====== GIVEN DATA

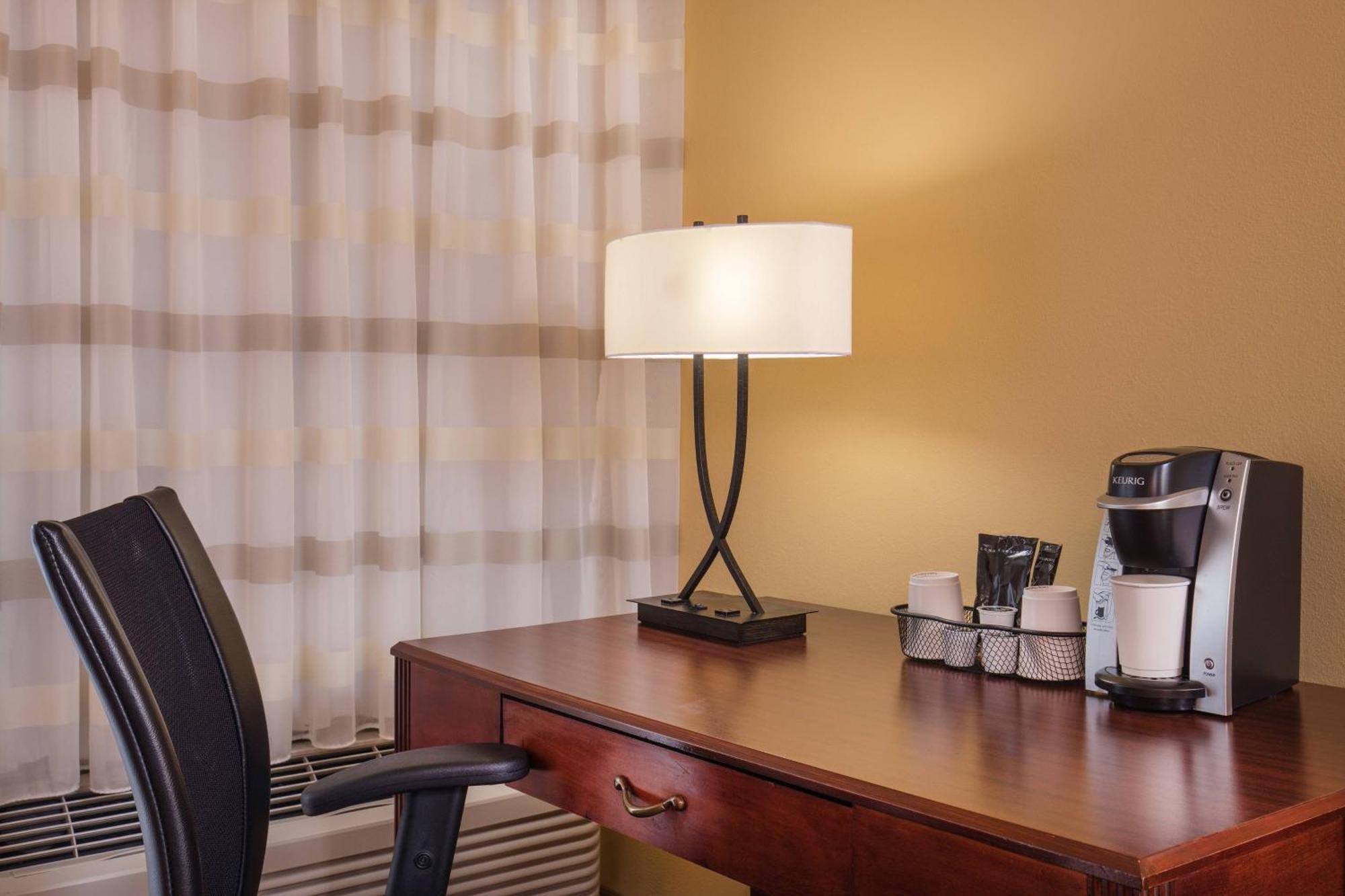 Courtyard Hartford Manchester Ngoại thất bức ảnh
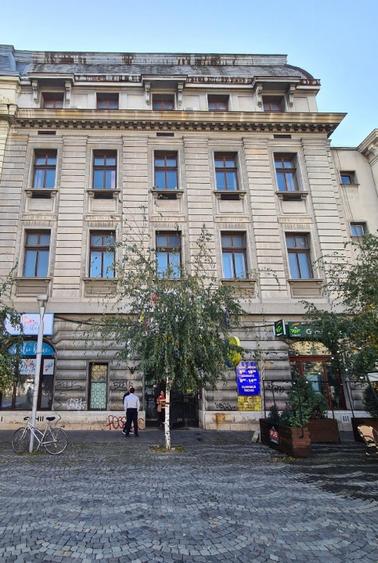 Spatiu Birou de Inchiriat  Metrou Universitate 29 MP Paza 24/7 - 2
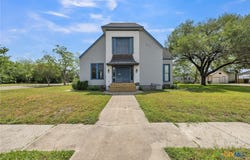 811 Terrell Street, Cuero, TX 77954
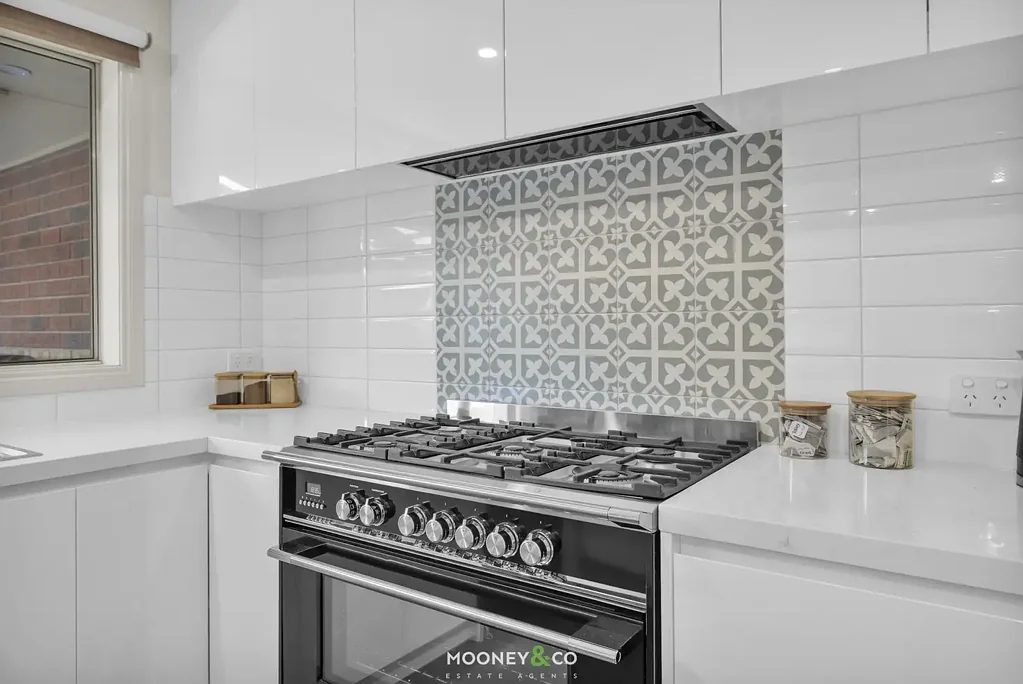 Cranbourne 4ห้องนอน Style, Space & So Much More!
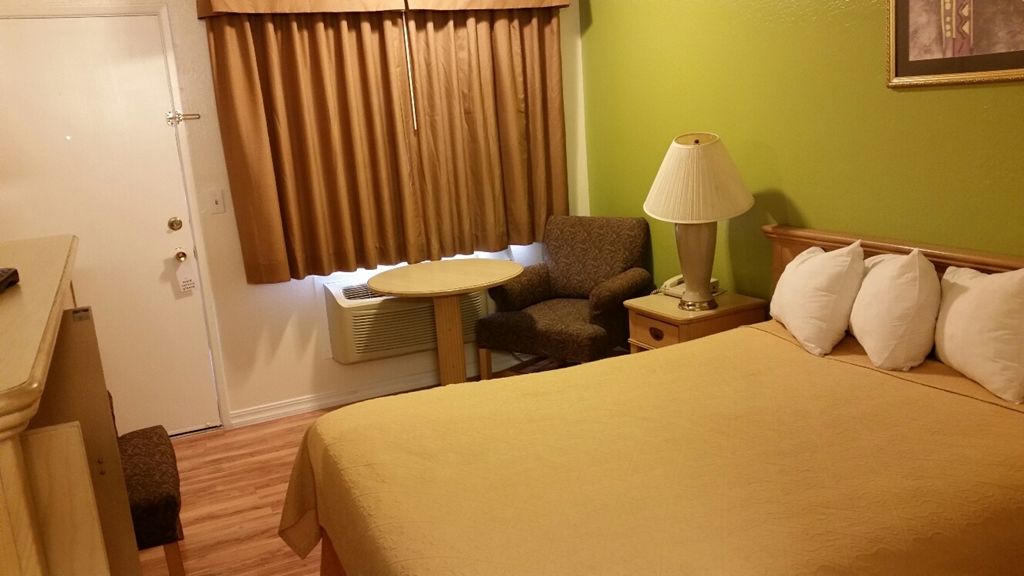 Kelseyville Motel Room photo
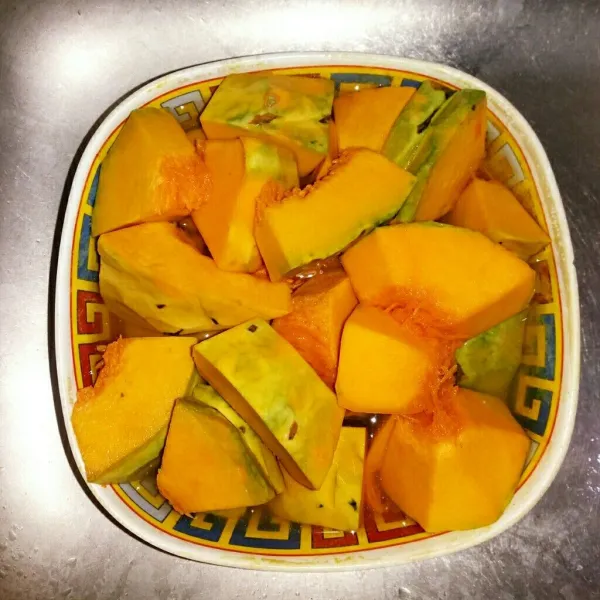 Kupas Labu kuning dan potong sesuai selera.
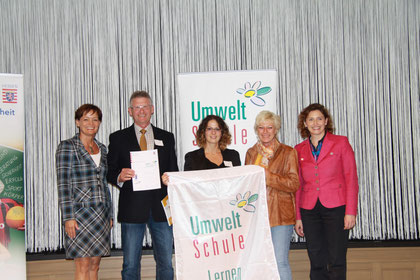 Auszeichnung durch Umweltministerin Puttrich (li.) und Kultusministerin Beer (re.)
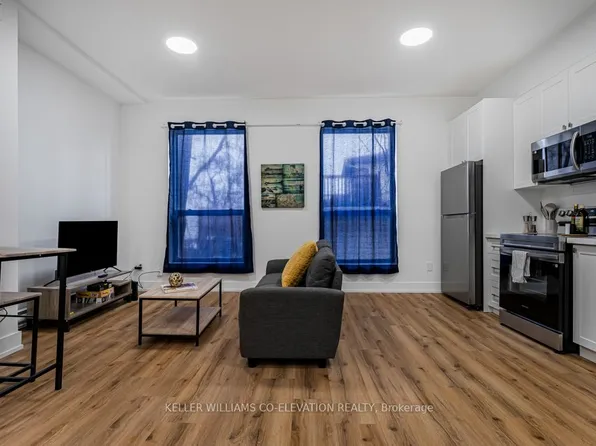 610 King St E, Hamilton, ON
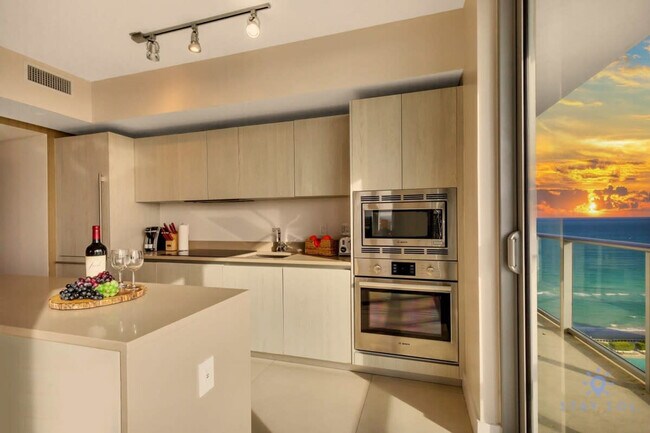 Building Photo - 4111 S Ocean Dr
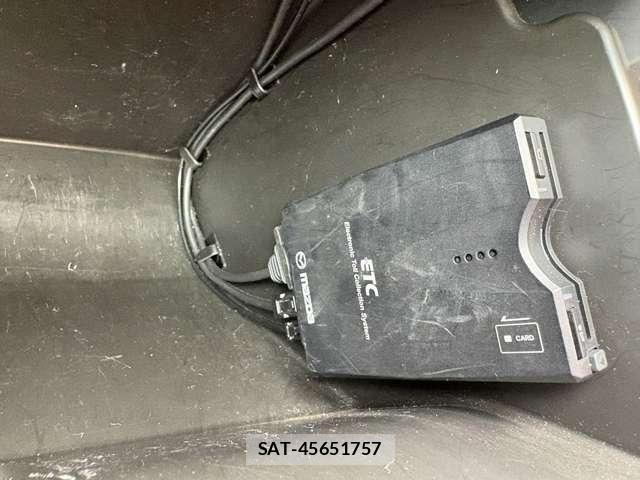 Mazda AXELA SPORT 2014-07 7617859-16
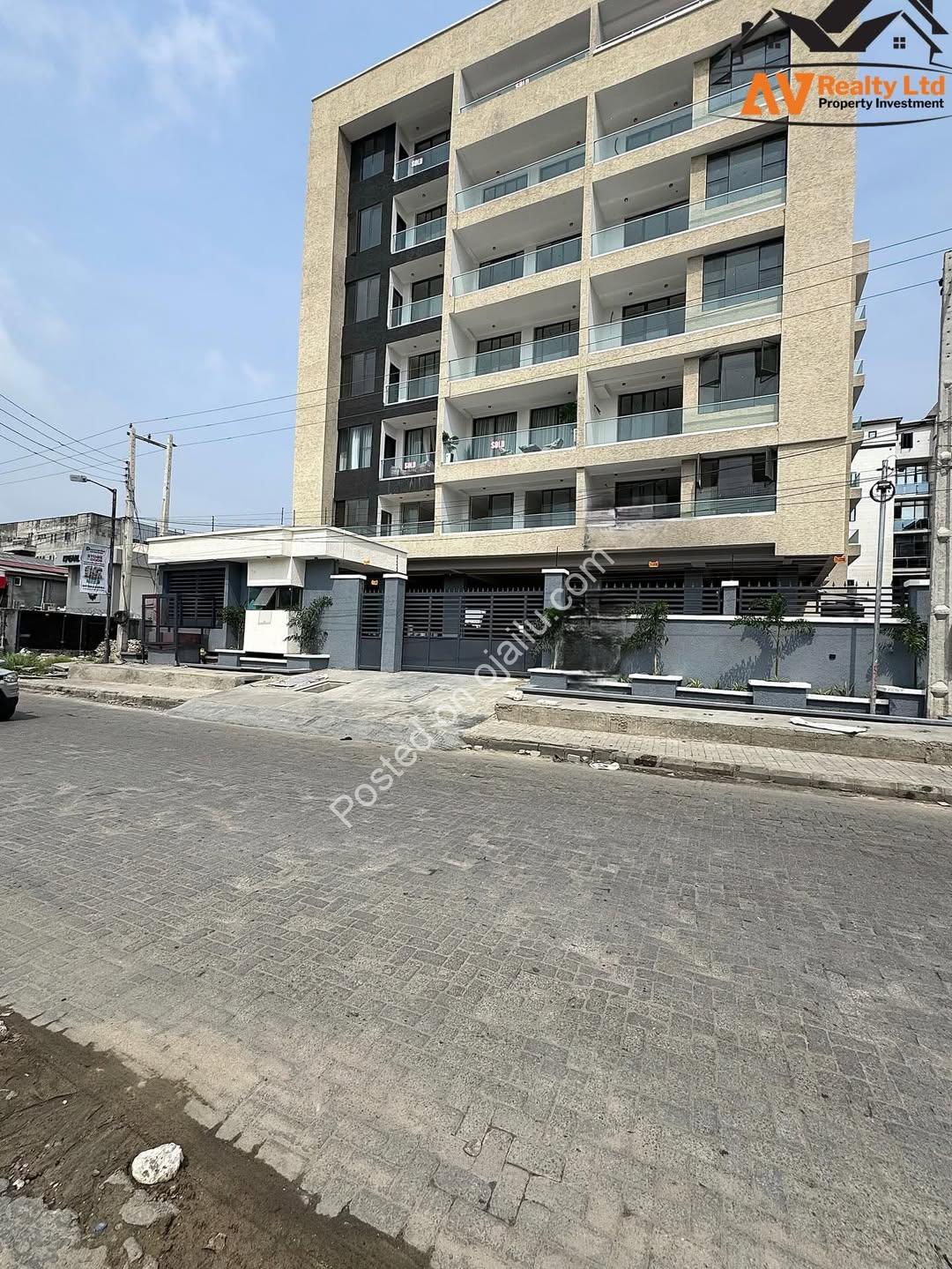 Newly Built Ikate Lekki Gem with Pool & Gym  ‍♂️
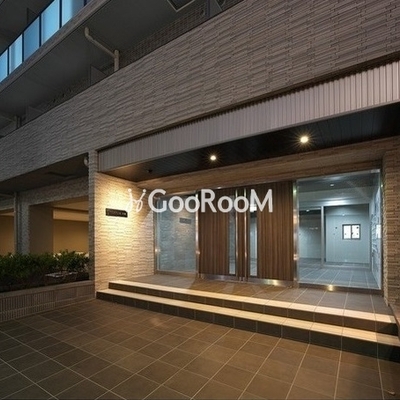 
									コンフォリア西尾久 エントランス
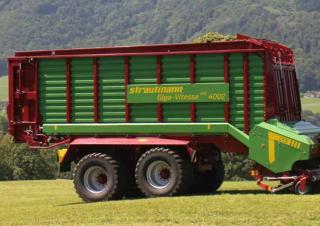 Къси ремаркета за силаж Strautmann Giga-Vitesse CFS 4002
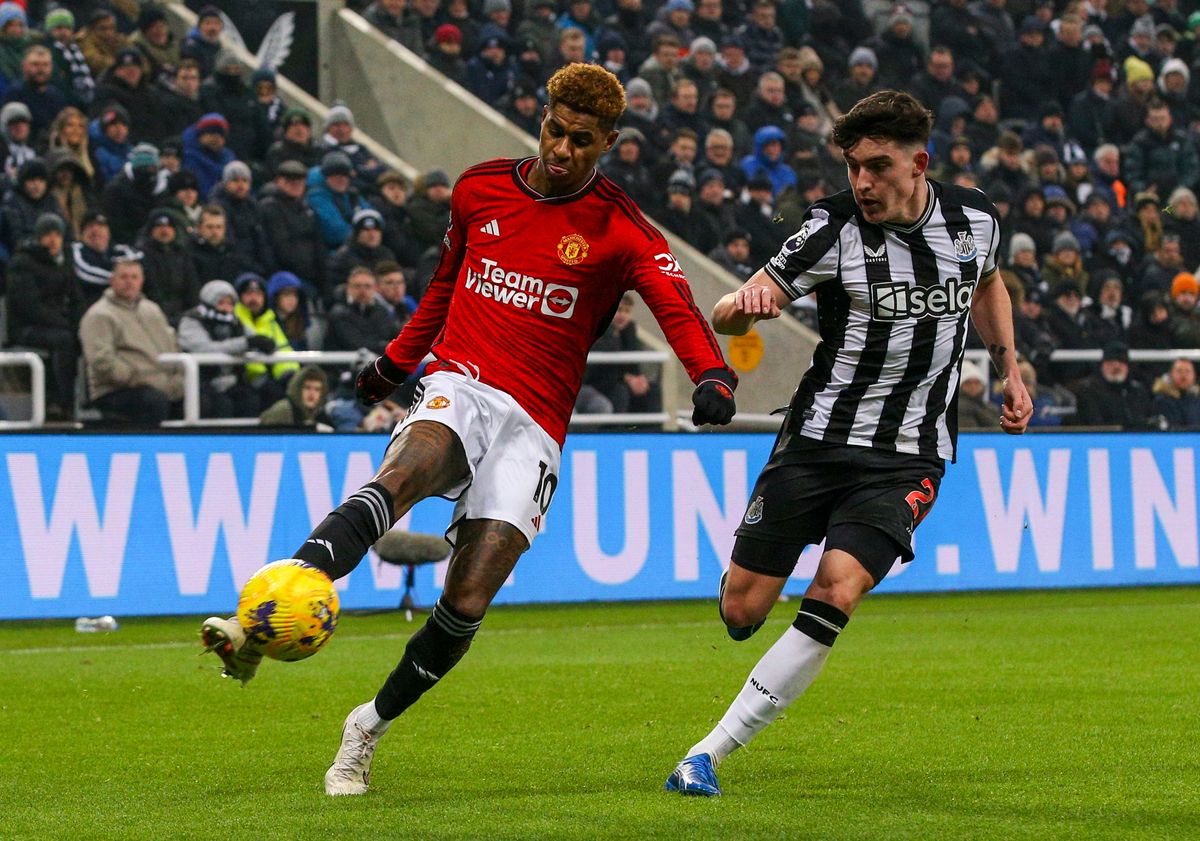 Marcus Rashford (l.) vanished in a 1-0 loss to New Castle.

============

Your copy should consist solely of the lines from the line containing "Къси ремаркета за" through the last line of the records above, reproduced exactly, with the pictures left out.

 Къси ремаркета за силаж Strautmann Giga-Vitesse CFS 4002
 Marcus Rashford (l.) vanished in a 1-0 loss to New Castle.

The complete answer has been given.